Exercise goal ▸
Every record should be copied exactly, except that pictures are to be omitted.

--------------------

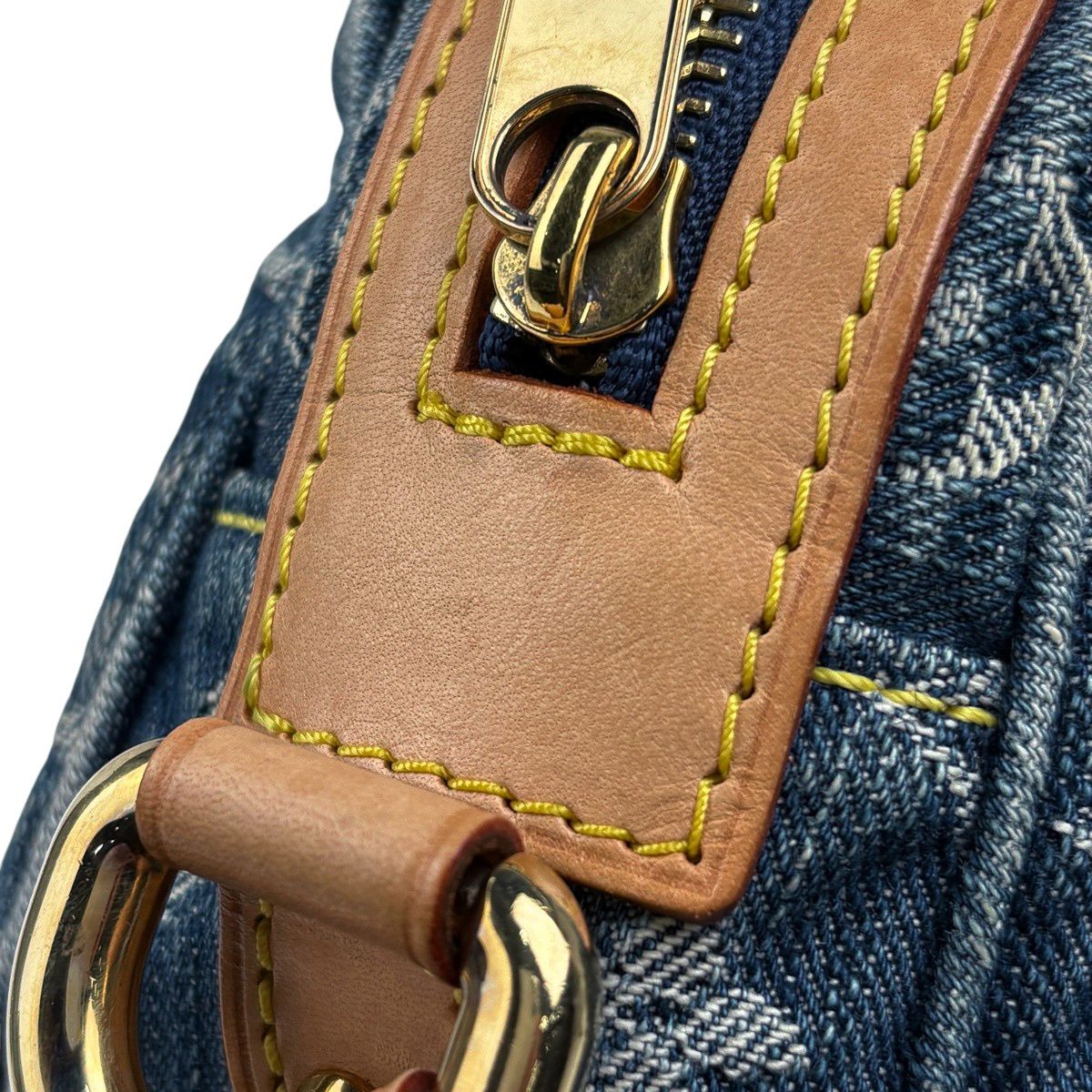 ルイ・ヴィトン Louis Vuitton カメラ バッグ 斜め掛け ポシェット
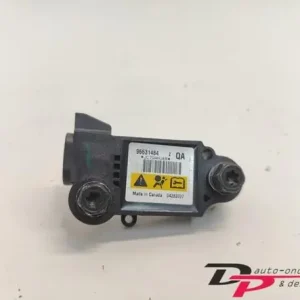 Hoge Kwaliteit Sensor-airbag OPEL Antara (L07)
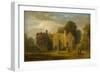 Castle Bromwich Hall, Warwickshire-Frederick Henry Henshaw-Framed Giclee Print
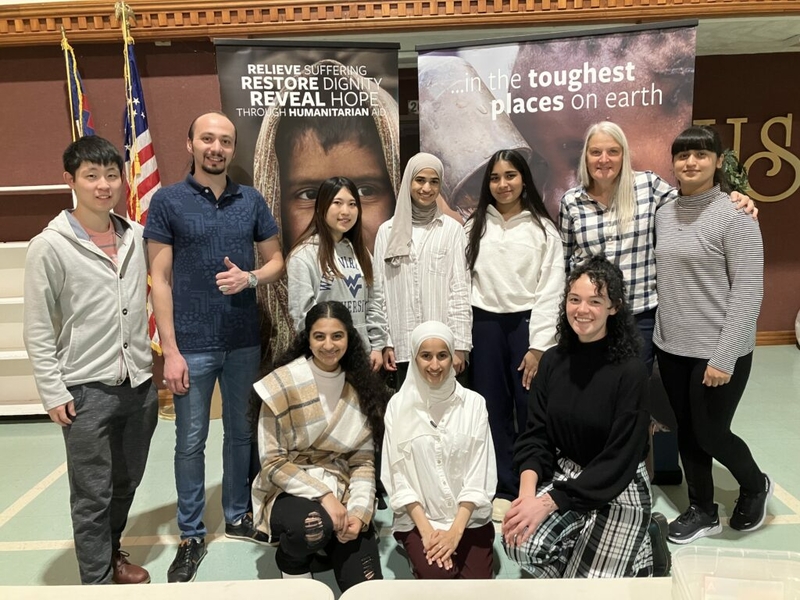 WVU will lose 10 academic minors and English Language Learning Institute for international students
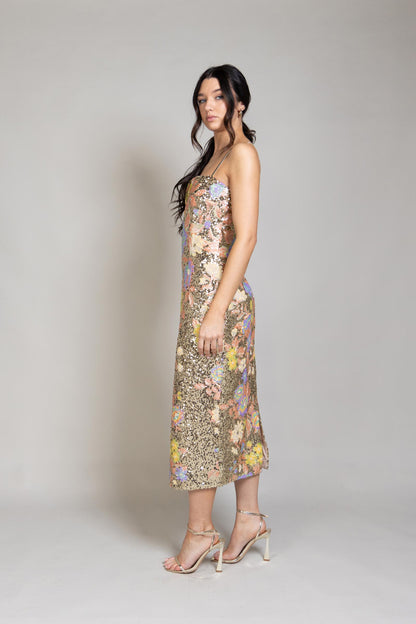 Nadine Merabi – Palmora Dress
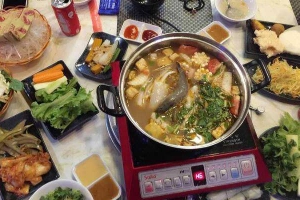 Quán Nhậu Công Trọc - Nhậu Bình Dân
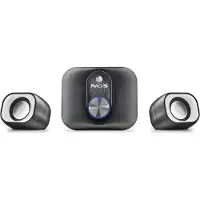 NGS Comet Bluetooth-høyttaler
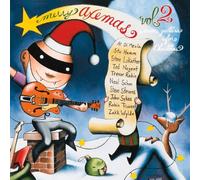 Merry Axemas - Merry Axemas 2-More Guitars for Christmas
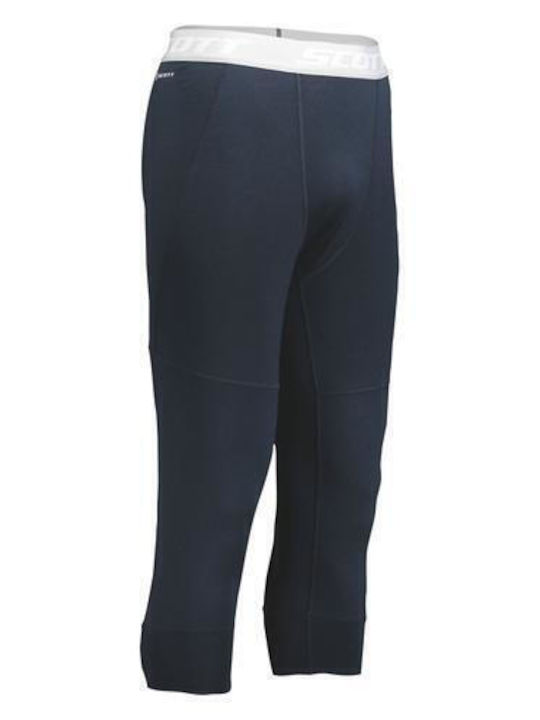 Scott SCT-0640XL Men's Trousers for Ski & Snowboard Blue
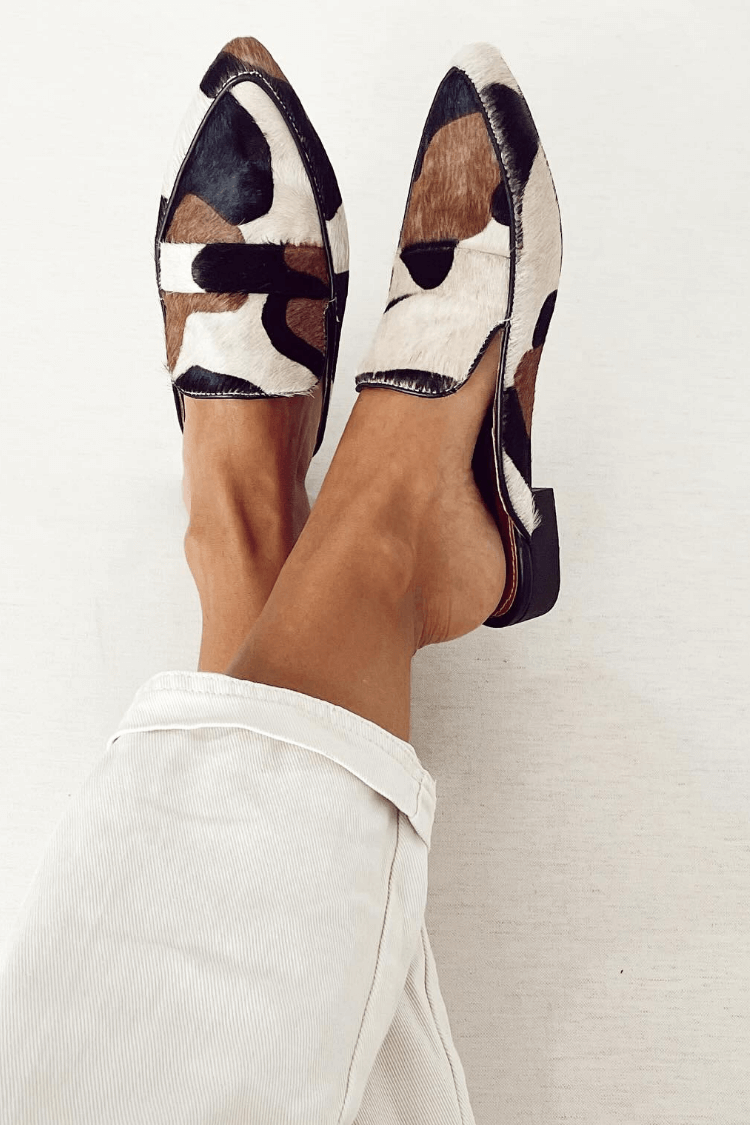 Katrina | Stylish Casual Loafers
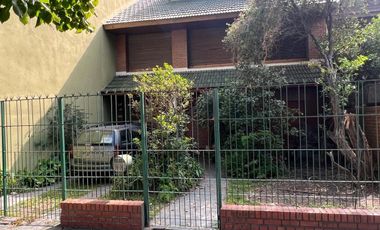 Casa en venta 4 ambientes en Remedios de Escalada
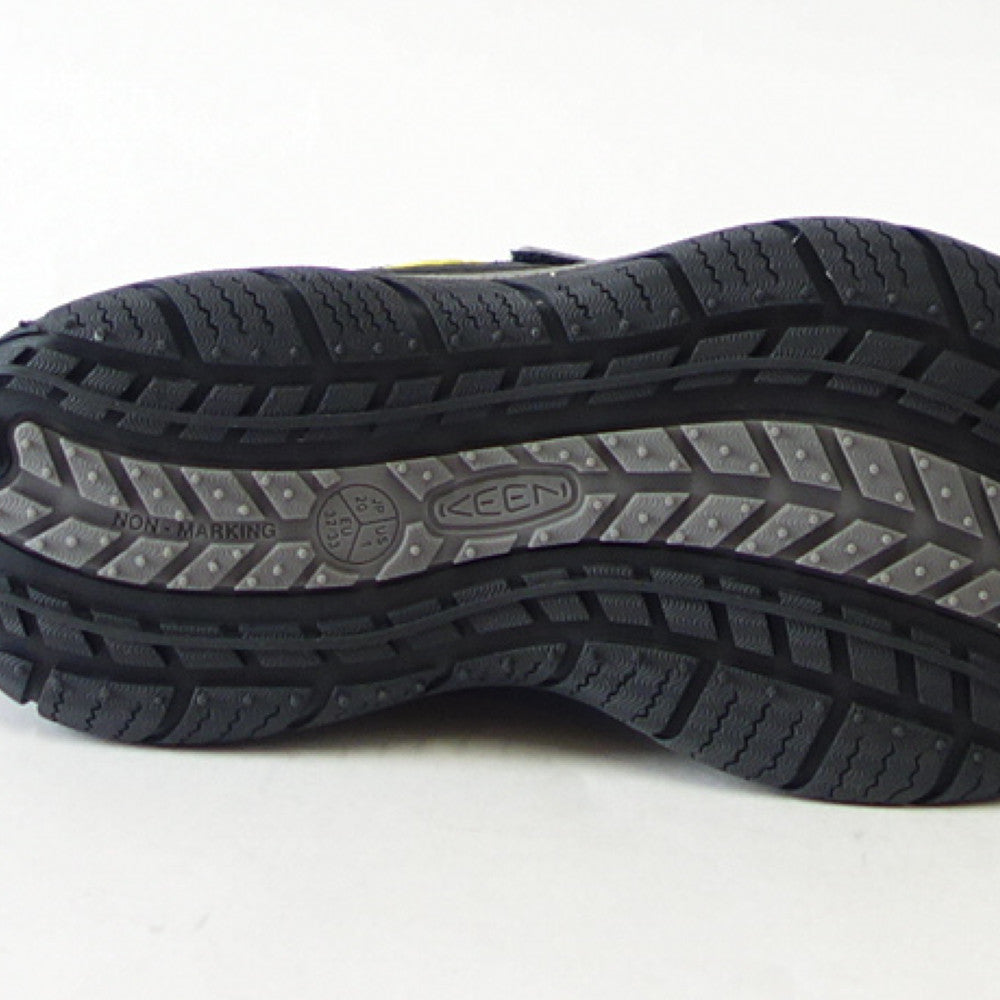 【SALE 30%OFF】 キーン KEEN スピード ハウンド 1026192 色: Black/Evening Primrose(キッズ)1026210 SPEED HOUND スニーカー 子供靴「靴」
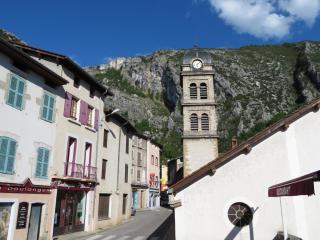 Au Bonheur Suspendu - Pont-en-Royans - 3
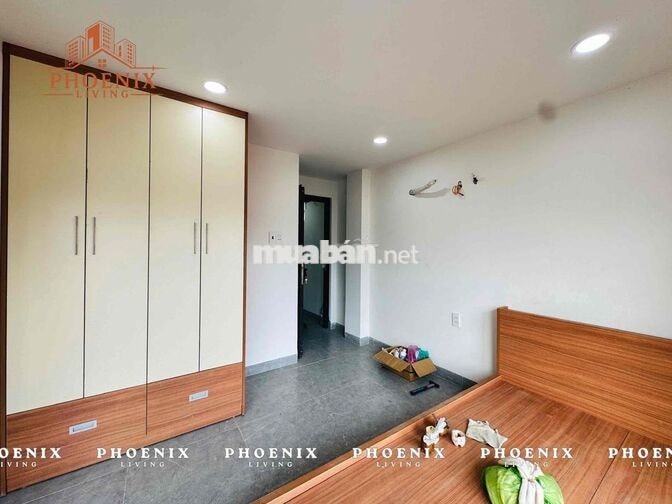 KHAI TRƯƠNG CĂN HỘ FULL NỘI THẤT NGAY CÔNG VIÊN PHẦN MỀM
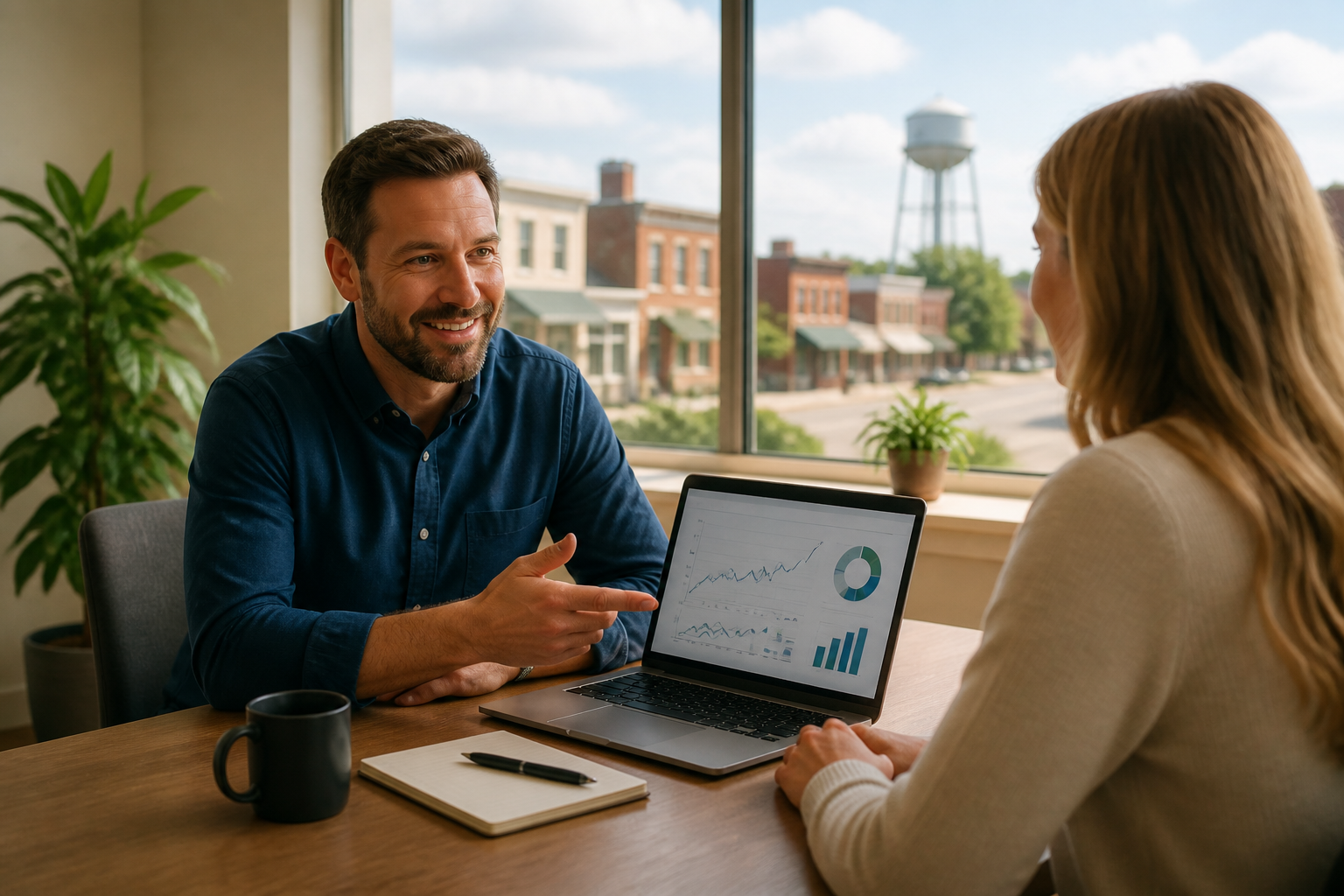 SEO Company Serving Carter, Oklahoma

--------------------

Answer for the task ▸
 ルイ・ヴィトン Louis Vuitton カメラ バッグ 斜め掛け ポシェット
 Hoge Kwaliteit Sensor-airbag OPEL Antara (L07)
 Castle Bromwich Hall, Warwickshire-Frederick Henry Henshaw-Framed Giclee Print
 WVU will lose 10 academic minors and English Language Learning Institute for international students
 Nadine Merabi – Palmora Dress
 Quán Nhậu Công Trọc - Nhậu Bình Dân
 NGS Comet Bluetooth-høyttaler
 Merry Axemas - Merry Axemas 2-More Guitars for Christmas
 Scott SCT-0640XL Men's Trousers for Ski & Snowboard Blue
 Katrina | Stylish Casual Loafers
 Casa en venta 4 ambientes en Remedios de Escalada
 【SALE 30%OFF】 キーン KEEN スピード ハウンド 1026192 色: Black/Evening Primrose(キッズ)1026210 SPEED HOUND スニーカー 子供靴「靴」
 Au Bonheur Suspendu - Pont-en-Royans - 3
 KHAI TRƯƠNG CĂN HỘ FULL NỘI THẤT NGAY CÔNG VIÊN PHẦN MỀM
 SEO Company Serving Carter, Oklahoma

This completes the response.